▸ Given data
════════
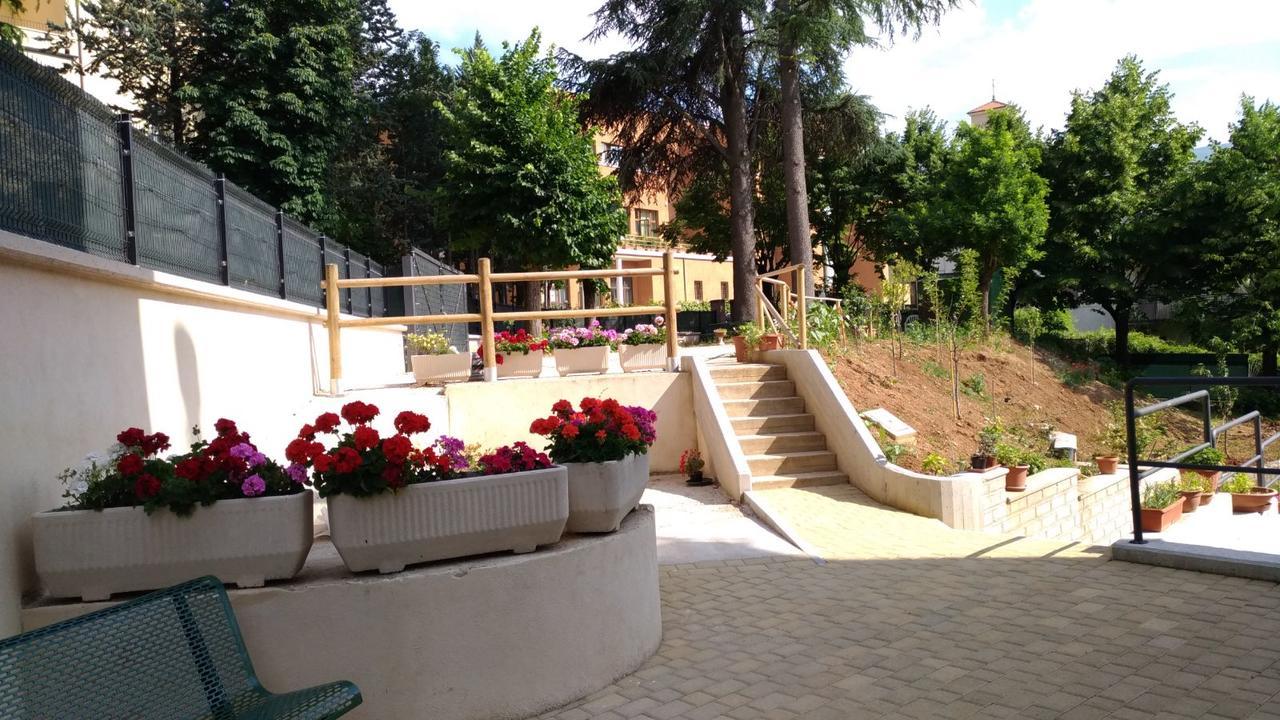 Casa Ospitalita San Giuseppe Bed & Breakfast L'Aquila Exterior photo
════════
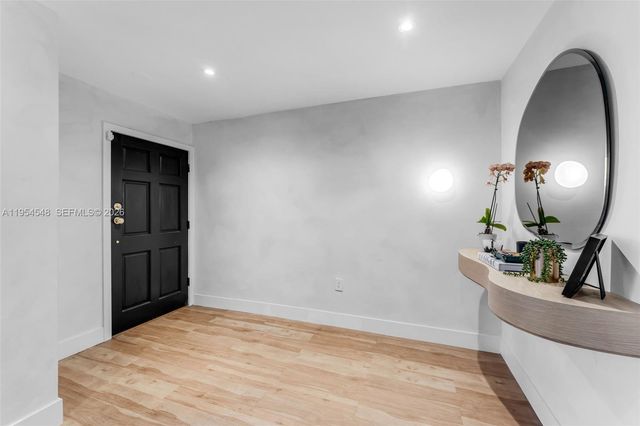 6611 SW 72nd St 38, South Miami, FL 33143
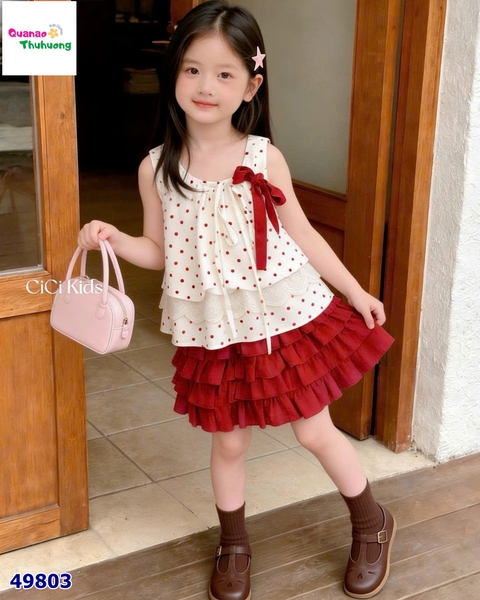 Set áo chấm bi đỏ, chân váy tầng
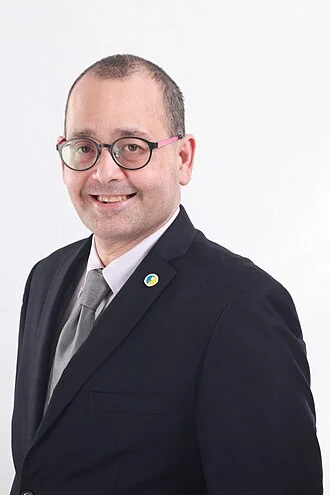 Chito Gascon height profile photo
════════
▸ Exercise details
Although pictures appear among the entries, please set down only the lines from the one with "6611 SW 72nd St 38, South Miami, FL 33143" up to and including the one with "Chito Gascon height profile photo", word for word.

▸ Output below
 6611 SW 72nd St 38, South Miami, FL 33143
 Set áo chấm bi đỏ, chân váy tầng
 Chito Gascon height profile photo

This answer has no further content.